Spring 2017 Graduate Courses
Updated: Friday, January 13, 2017.
Bridge lectures are open to graduate and advanced undergraduate students. They do not require an application.
AHIS GU4045 Collecting
M/W 11:40-12:55, 612 Schermerhorn
This course studies the nearly universal human phenomenon of collecting. We will begin by gauging the range and basic structures of the phenomenon, looking at collections ranging from sock monkeys through anatomical waxes to ukiyo-e cards. These examples will enable us to compare and contrast theories of collecting, of which the most important will be psychological and anthropological. Moving from these general theories to the historically particular, we will next turn to the history of high-end collecting, Renaissance curiosity cabinets, and the origins of museum. The history of the art museum will then be studied in some detail, through both analysis of art museum types—principally national or municipal, private, monographic, and geographic—and through case studies of personal collections. Finally, the course will address art-work about collecting. Lectures, readings, and discussion sections will be reinforced by multiple visits to New York City museums.
Bridge seminars are open to graduate and advanced undergraduate students. Admission to bridge seminars is at the instructor’s discretion. The graduate student application form for bridge seminars can be found here, and should be submitted to Chris Newsome in the main office for the Department of Art History and Archaeology at 826 Schermerhorn Hall.
Applications for Spring 2017 bridge seminars are due by 12pm on Friday, November 11th, 2016.

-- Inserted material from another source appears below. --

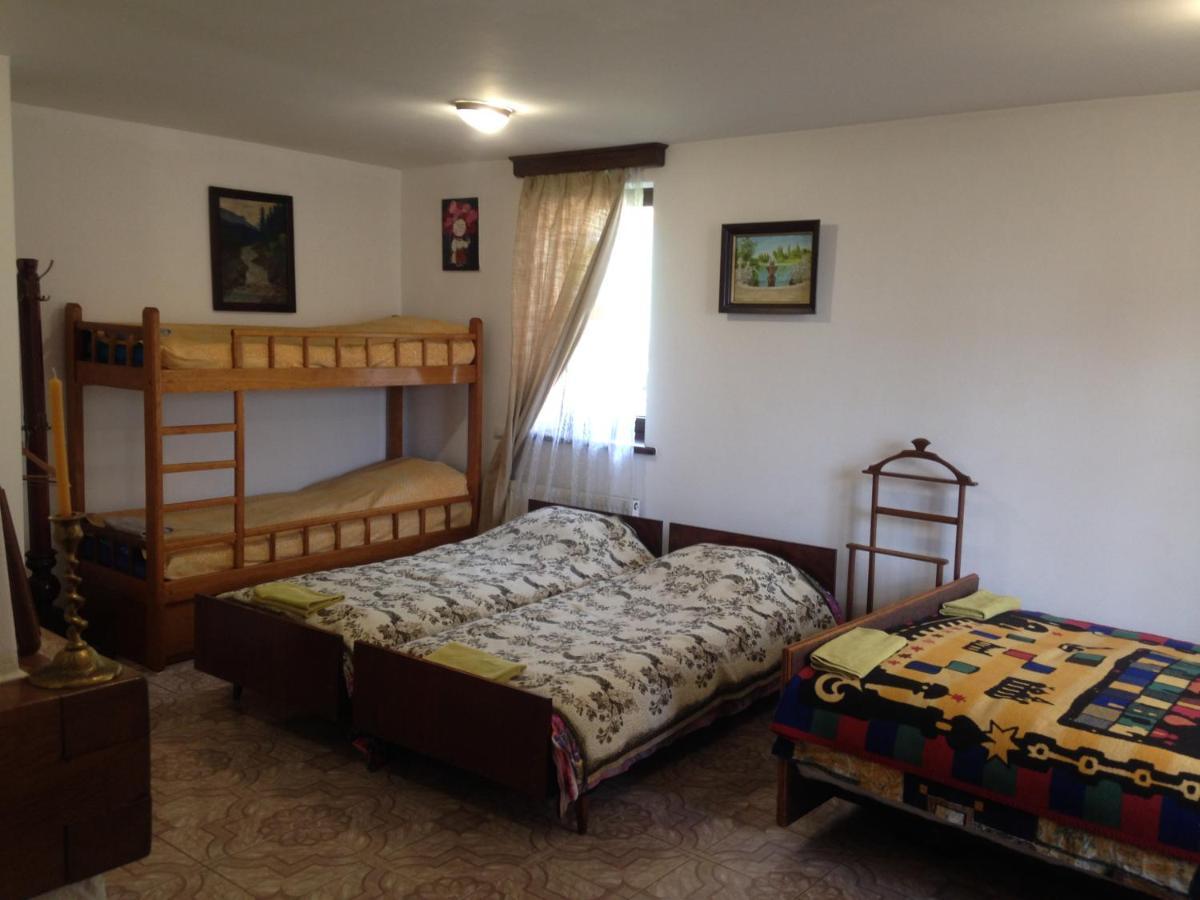Family House Nichka Hotel Pochaiv Luaran gambar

AHIS GU4548 Displacing God: Architecture, Modernism, and the Post-Secular
M. González Pendás
M 12:10-2, 934 Schermerhorn
This seminar explores the shifting and paradoxical role that religion has played in various
conceptions of architectural modernism and cross-references contemporary theories on the formation of secular societies with physical and discursive evidences drawn from the history of architecture. Glaringly absent in most canonical histories, the production of religion has been however crucial to the shaping of core ideals of art and architectural modernism and to the commissioning of main works. Similarly, buildings continue to act as significant instruments for the intersection of politics and religion that define conflicts over nationalism, tradition and modernity. Not a course on churches or mosques and specifically
avoiding the study of these typologies in relation to theology, the seminar explores the other physical and discursive spaces where religion has operated historically: from urban sites to theoretical narratives and exhibition practices; from notions of technology, space, pedagogy and monumentality to processes of urbanization and technocratic governments. We will consider these the “shadows” of secularism, as anthropologist Talal Assad has suggested, which study serve to better understand the displacement of the religious sphere under regimes of modernization.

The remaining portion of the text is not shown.